Juan Pablo Aguilar Andrade

La legislación como absurdo

En el Ecuador domina la cultura de la hacienda. Esa forma de organizar la producción es también una concepción del mundo, en la que no hay espacio para decisiones libres ni deliberaciones democráticas. La cultura de la hacienda se basa en la sujeción, necesita y busca desesperadamente un patrón que dirija, reparta premios y castigos, clasifique las cosas en buenas y malas y diga lo qué hacer y cómo proceder. El éxito del correísmo se basó, precisamente, en esas raíces feudales; no en la propuesta, de la que carece, de una nueva sociedad.

Lo importante, sin embargo, no es el patrón de carne y hueso, sino las órdenes como tales, esas que liberan de la obligación de pensar y permiten ver la culpa en los mandatos y no en los propios actos. Por esta vía, la ley deja de ser regla de convivencia, y se reduce a manual de instrucciones, mientras más detallado mejor, de lo que se debe hacer o no.

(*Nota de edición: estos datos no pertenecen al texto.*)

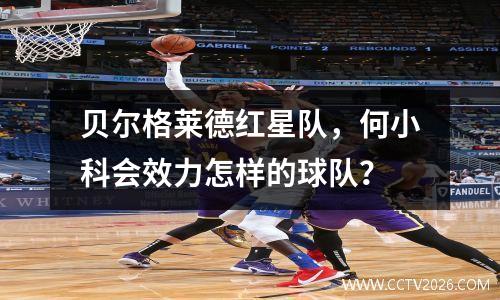 贝尔格莱德红星队，何小科会效力怎样的球队？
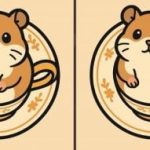 IQ-Test: Finde 3 Unterschiede in einem Bild von einem Hamster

Esto se ve con claridad en el proyecto de ley sobre el uso legítimo de la fuerza, que tramita la Asamblea Nacional. Al menos desde que el Estado moderno es tal, sabemos que personifica un poder que se impone, incluso, por medios violentos; medios que, por provenir de la autoridad soberana, se consideran legítimos. Esa violencia, se dice, debe ser un último recurso, y por eso se habla de la necesidad de usarla proporcionalmente, en relación con la importancia, el tamaño o el nivel de peligrosidad de la amenaza que se pretende conjurar.

Esto es suficiente y exige, para ser juzgado y entendido, de un mínimo de racionalidad, que tome en cuenta las particularidades de cada caso. Pero lo que se busca es una lista de instrucciones, a la larga incapaz de abarcar la infinita variedad de circunstancias que ofrece la realidad. Si el absurdo se convierte en ley, ya veremos en los tribunales largas discusiones sobre si se cumplió o no el paso dos, si apuntó antes o después, o si se demoró diez segundos, o se adelantó cinco, en levantar el arma.